Why this Black, Queer, Trans Jew is Reimagning
On the first night of Passover, Jews around the world gather with family and friends to partake in a Seder, or ritual feast, and retell the story of the Exodus, remembering how God led their ancestors out of slavery in Egypt.
K.B. Frazier, who identifies as a “freedom-fighting black, trans, queer Jew” from St. Louis, Missouri, believes there’s a close connection between the story of Passover and the movement for black lives.
“It is essentially the same story, of people who were enslaved and came to be released from slavery,” Frazier told The Huffington Post. “The story today is that we have noticed again that we are in bondage. We may not have physical chains on us, but systemic racism, poverty, inequality, all of these things are keeping us enslaved.”
Drawing on his own experiences protesting on the street for the Black Lives Matter movement, Frazier has reinterpreted a 1,000-year-old Passover song to challenge Jews to “never forget” the importance of fighting for racial equality.
The song comes from the Haggadah, a book that contains the liturgy, or script, for the first night of Passover. On that night, Jews around the world gather with family and friends to partake in a Seder, or ritual feast, and retell the story of the Exodus, remembering how God led their ancestors out of slavery in Egypt. There are many different versions of the Haggadah, each taking its own spin on this age-old tale about the Jewish people’s search for freedom.
When Frazier was approached last year by Jews For Racial & Economic Justice (JFREJ), a faith-based social justice organization, to help create a Black Lives Matter Haggadah supplement, his experiences on the street made him think of the Haggadah’s dayenu prayer.

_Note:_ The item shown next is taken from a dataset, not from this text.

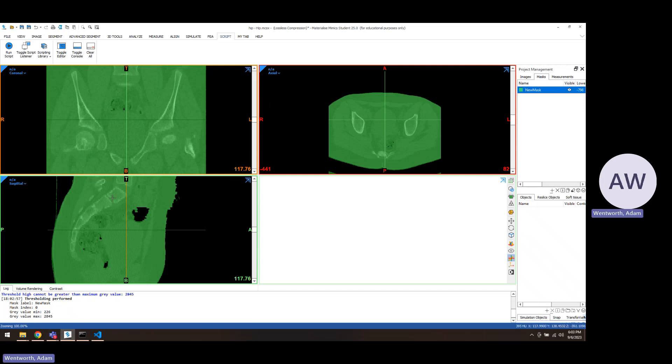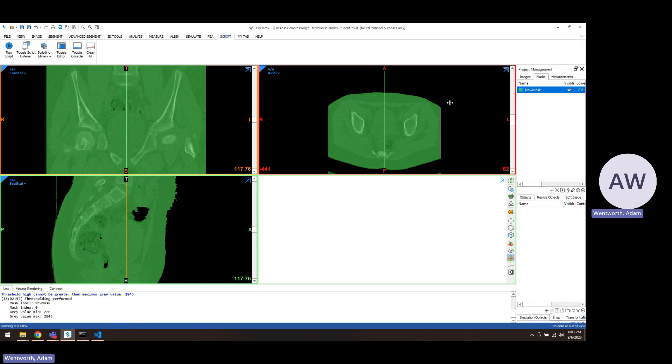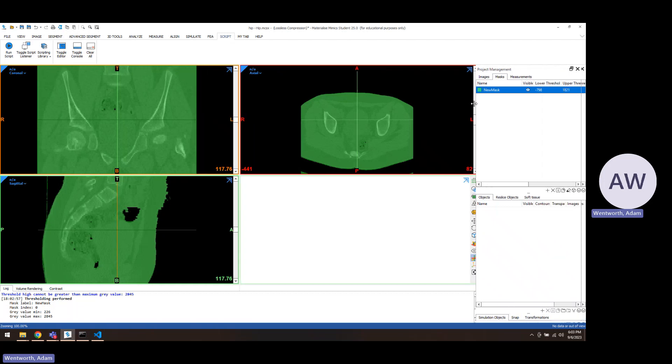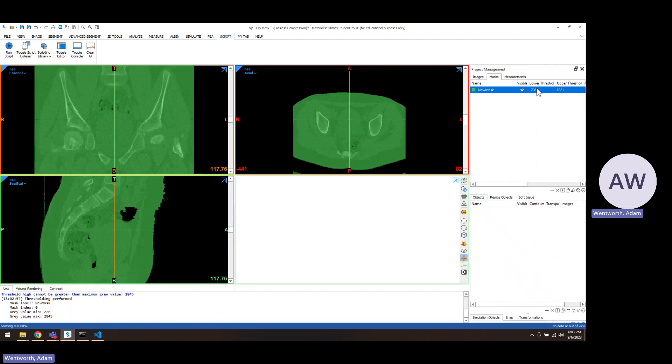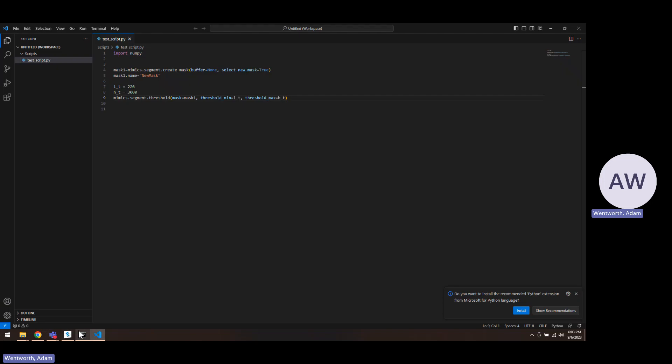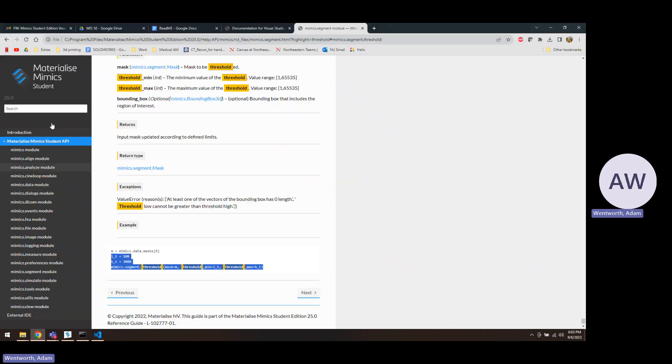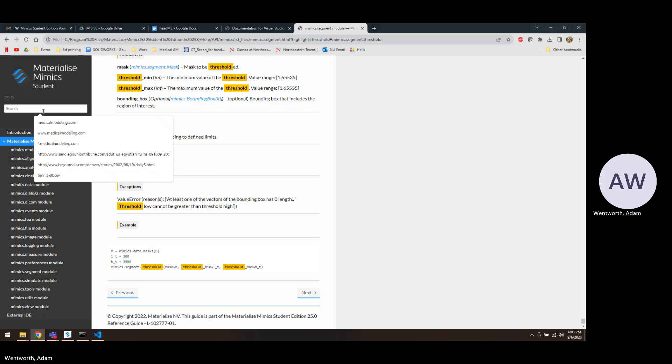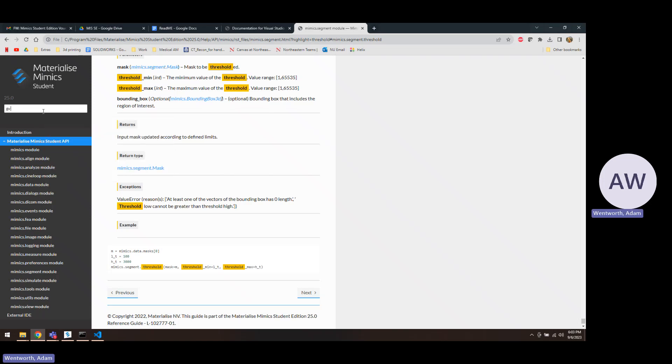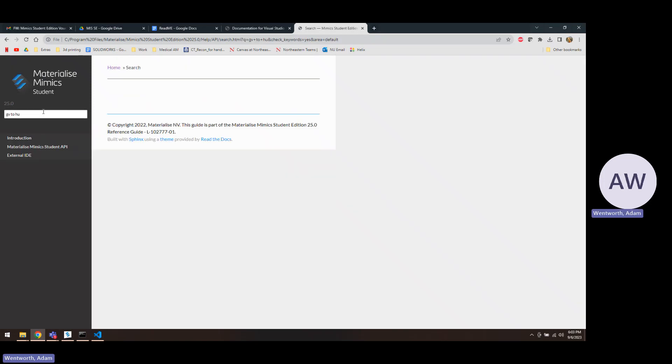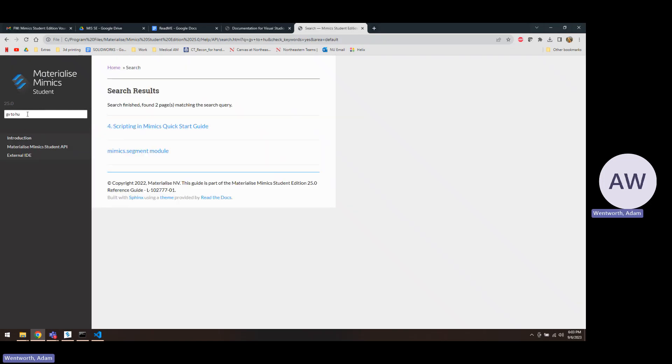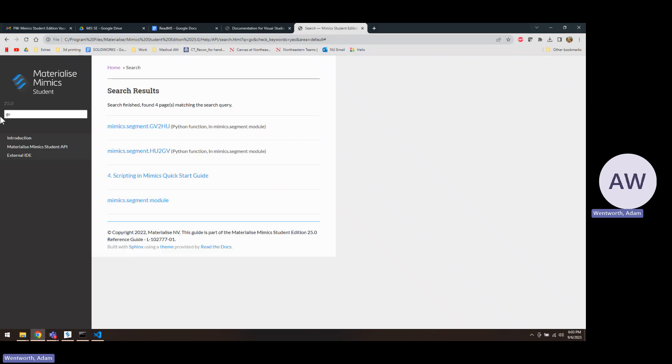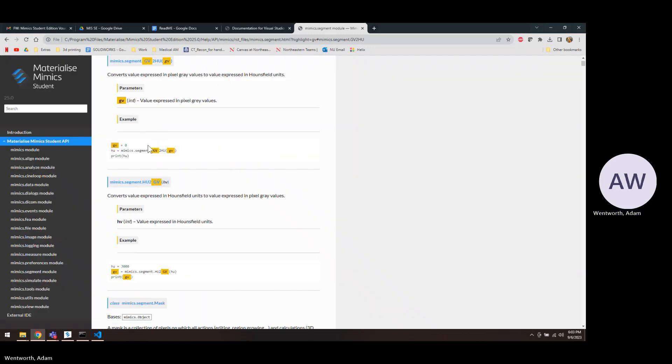All right, so it used a gray value here of 226, but we actually wanted a Hounsfield unit. So you can see why we would need to convert the gray value to Hounsfield units and use that instead. So we could look over here. GV2HU is the name of the code, and maybe we'll just type in GV so we can find it. Here, so here's a little conversion.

In Hebrew, the word dayenu means “it would have been enough” or “it would have sufficed.” With each line, the song demonstrates astonishment at the many mercies of God:
If He had supplied our needs in the desert for forty years, and had not fed us the manna, Dayenu, it would have sufficed us!
If He had fed us the manna, and had not given us the Shabbat, Dayenu, it would have sufficed us!
In his interpretation of the ancient prayer, Frazier calls for more action on social justice by repeating the phrase, lo dayenu, meaning, it would not have been enough.
“Even the fact that Mike Brown started a movement and that young people picked up the banner and said, ‘No, no more, we can’t take it anymore,” even though the protests have started an international human rights revolution, it’s not enough,” Frazier said. “Because people are still dying at the hands of the state, and because of hunger and poverty.”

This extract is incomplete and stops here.